### Directions
Extract from the entries below, exactly as given, only the lines from the line containing "(W) 미우 미우 크롭 캐시미어 베스트 카멜 브라운" to the line containing "Fresh parsley and", both lines included.

### Supplied records
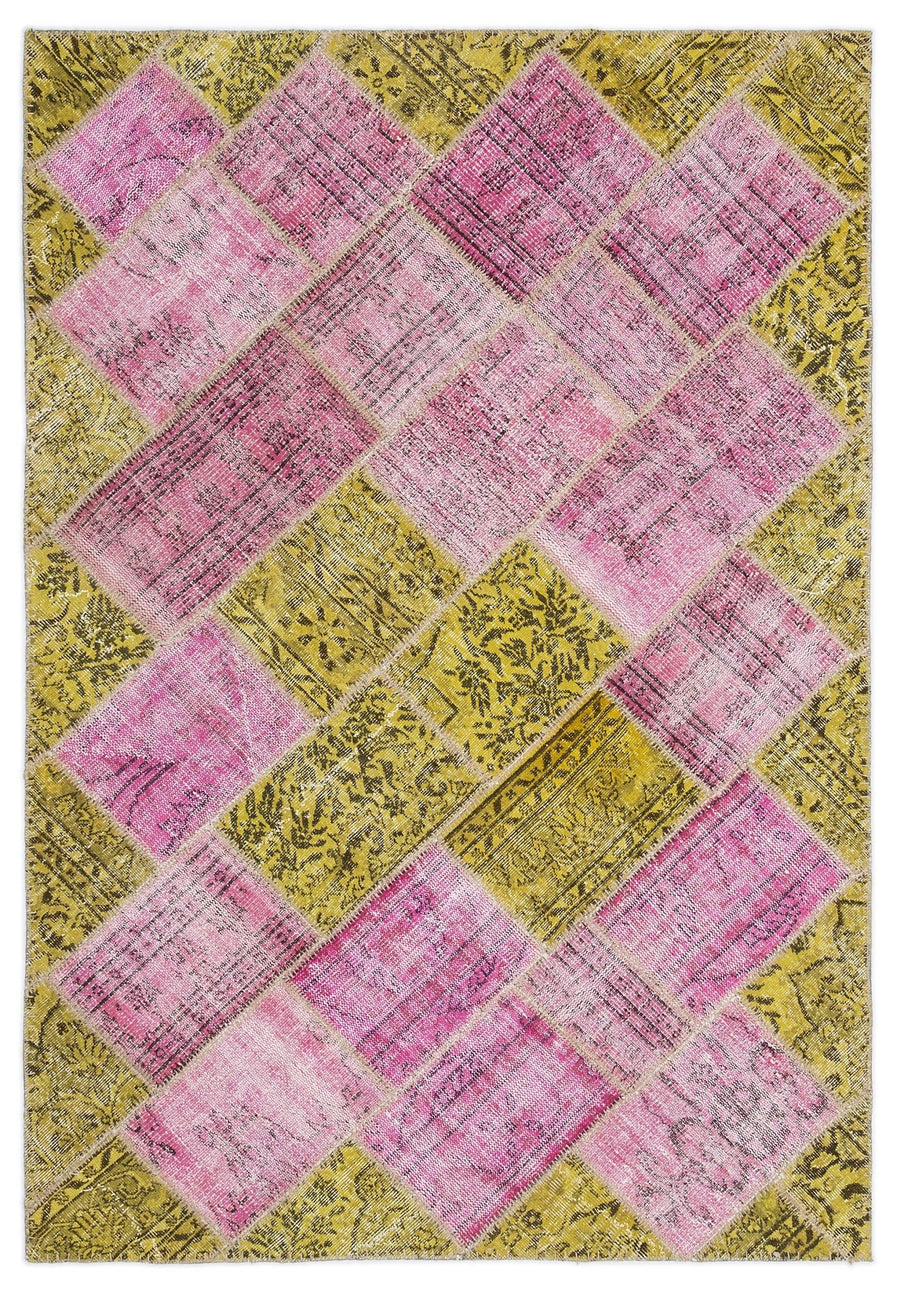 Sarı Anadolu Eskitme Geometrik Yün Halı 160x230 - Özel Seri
---
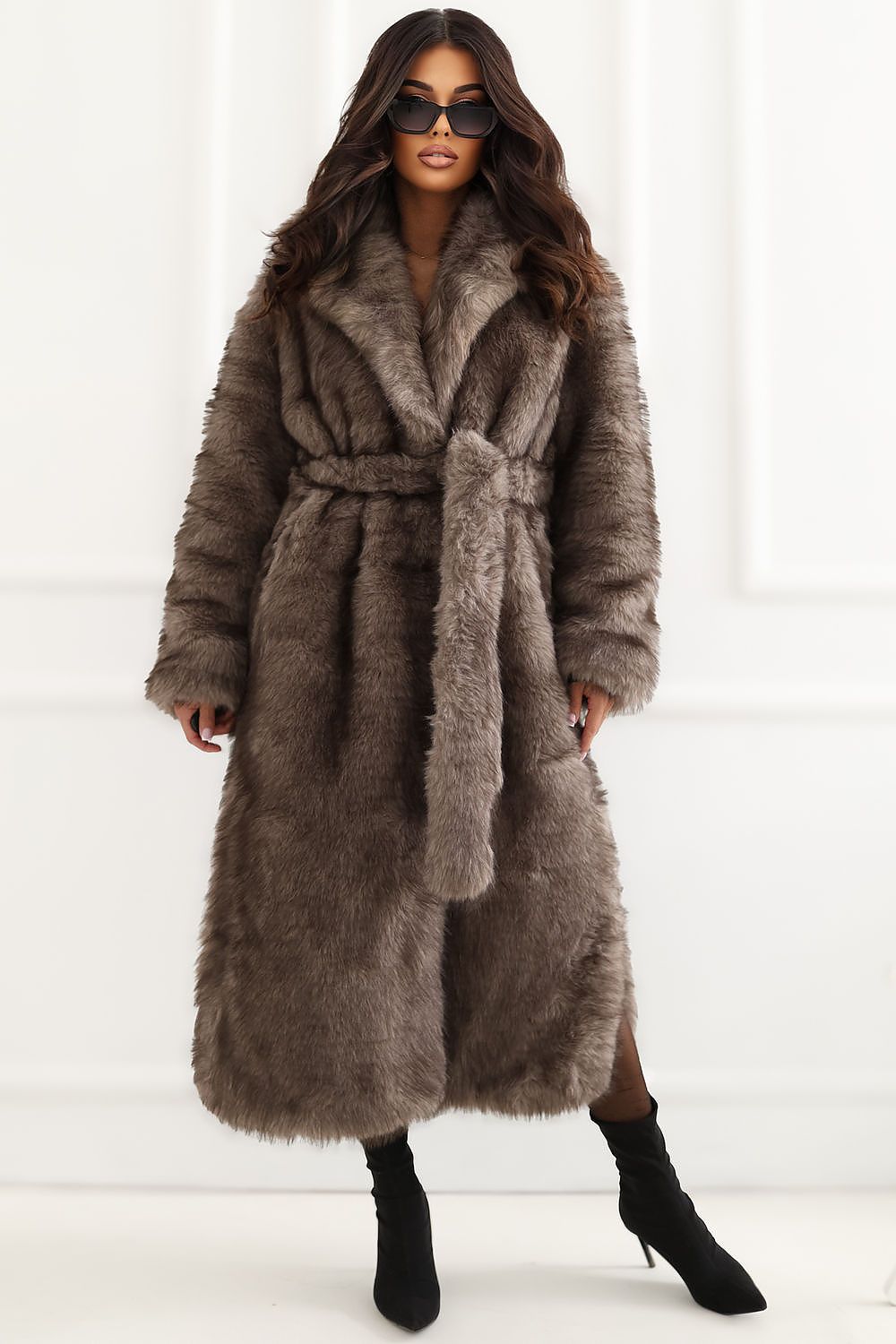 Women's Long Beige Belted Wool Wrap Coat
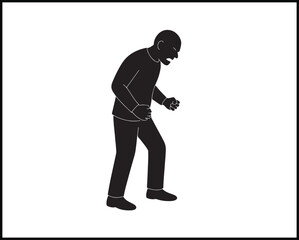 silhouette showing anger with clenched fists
---
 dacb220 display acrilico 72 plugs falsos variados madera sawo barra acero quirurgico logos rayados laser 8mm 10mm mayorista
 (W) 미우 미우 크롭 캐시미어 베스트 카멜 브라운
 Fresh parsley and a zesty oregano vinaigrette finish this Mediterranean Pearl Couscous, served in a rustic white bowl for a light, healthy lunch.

### Your solution
 (W) 미우 미우 크롭 캐시미어 베스트 카멜 브라운
 Fresh parsley and a zesty oregano vinaigrette finish this Mediterranean Pearl Couscous, served in a rustic white bowl for a light, healthy lunch.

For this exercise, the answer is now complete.